Même la présence du cortège Nous vivrons, encadré par un service d’ordre masculin menaçant et cagoulé, n’aura pas gâché la fête. Leurs manifestantes, dénonçant exclusivement des viols contre les femmes israéliennes par le Hamas le 7 octobre, s’insurgeaient contre « une journée internationale de violation des droits des femmes ». Elles ont été exfiltrées par la police à mi-parcours.
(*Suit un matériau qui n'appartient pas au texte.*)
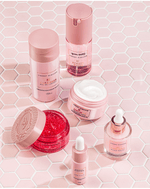 BT Beauty Water - Cherry Blossom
Quelques heures plus tard, loin de ces provocations, les Guerrières de la Paix avaient donné rendez sur le parvis de l’Hôtel de ville, expliquant dans une tribune: « Nous, les femmes, nous ne pouvons pas consentir à la déshumanisation de nos soeurs d’où qu’elles viennent ».
Pour contrer le patriarcat, elles sont de plus en plus nombreuses à revendiquer la misandrie ou, tout simplement, l’homosexualité. « Quitte-le ! » affiche Sophie sur un dessin arc-en-ciel. La trentenaire en a eu marre de tout gérer seule, de la relation à la rupture. Elle a finalement trouvé la solution : sortir de l’hétérosexualité, s’éloigner de la « pensée straight » théorisée par Monique Wittig. « On ne nous apprend pas qu’il y a d’autres possibilités qu’être hétéro, explique Sophie. Dans mon cercle d’amies, nous sommes au moins cinq à avoir passé le pas récemment. On lit des livres féministes, on se conscientise. Je vais bientôt fêter mon gouine birthday ! »
Selon Suzy Rojtman, porte-parole du Collectif national pour les droits des femmes : « nous sommes 100 000 personnes ce 8 mars à manifester à Paris ». Un succès indéniable ce vendredi, en semaine, pour la cinquantaine d’associations et de syndicats ayant prôné cette « grève féministe » pour défendre les femmes du monde entier, obtenir plus de moyens du gouvernement contre les violences, accéder à des salaires décents et s’opposer aux idées réactionnaires d’extrême droite.